Zhepei Hong
Undergraduate Student, LLM Post-Training and Agentic AI
洪喆沛
School of Artificial Intelligence, South China Normal University
Foshan, Guangdong, China
[short bio] [selected papers] [Google Scholar]
email: hongzhepei@gmail.com
Language: English / 中文
I am an undergraduate student at the School of Artificial Intelligence, South China Normal University. My research interests lie in LLM post-training and agentic AI systems, with a current focus on on-policy distillation, reinforcement learning, and reliable LLM-based agents.

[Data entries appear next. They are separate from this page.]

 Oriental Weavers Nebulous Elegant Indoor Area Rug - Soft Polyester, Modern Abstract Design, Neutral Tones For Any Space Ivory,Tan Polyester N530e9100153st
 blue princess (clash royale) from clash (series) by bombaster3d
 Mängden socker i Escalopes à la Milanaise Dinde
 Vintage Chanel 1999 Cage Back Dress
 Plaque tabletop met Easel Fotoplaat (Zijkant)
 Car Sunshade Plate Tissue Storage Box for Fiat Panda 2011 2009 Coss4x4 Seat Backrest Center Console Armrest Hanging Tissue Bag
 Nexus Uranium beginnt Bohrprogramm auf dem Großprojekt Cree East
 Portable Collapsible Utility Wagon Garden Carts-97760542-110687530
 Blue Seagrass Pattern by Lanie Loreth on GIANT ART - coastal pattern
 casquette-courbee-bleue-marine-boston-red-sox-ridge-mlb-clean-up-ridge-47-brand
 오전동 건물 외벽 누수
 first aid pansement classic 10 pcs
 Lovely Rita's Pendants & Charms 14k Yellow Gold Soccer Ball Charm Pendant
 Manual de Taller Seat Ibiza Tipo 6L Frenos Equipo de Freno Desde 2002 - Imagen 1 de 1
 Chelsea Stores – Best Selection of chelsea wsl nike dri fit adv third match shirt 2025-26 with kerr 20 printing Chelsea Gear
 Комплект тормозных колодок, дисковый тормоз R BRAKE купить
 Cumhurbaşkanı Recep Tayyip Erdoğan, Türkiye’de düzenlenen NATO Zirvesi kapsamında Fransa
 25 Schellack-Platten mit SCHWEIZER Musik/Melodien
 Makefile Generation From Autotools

My research mainly spans two directions. The first is LLM post-training, including on-policy distillation, reinforcement learning, and black-box model distillation. My latest work, ROPD, explores rubric-based on-policy distillation as a black-box-compatible alternative to logit-based OPD for more sample-efficient LLM alignment.
The second is agentic AI systems, including LLM agents, multi-agent collaboration, tool use, and long-horizon task solving. I am interested in building reliable and evaluable agents that can execute complex tasks over extended interaction trajectories.
Background:
- B.Eng. candidate in Software Engineering at South China Normal University, 2023-2027.
- Student researcher working on LLM post-training, reinforcement learning, and agentic AI systems.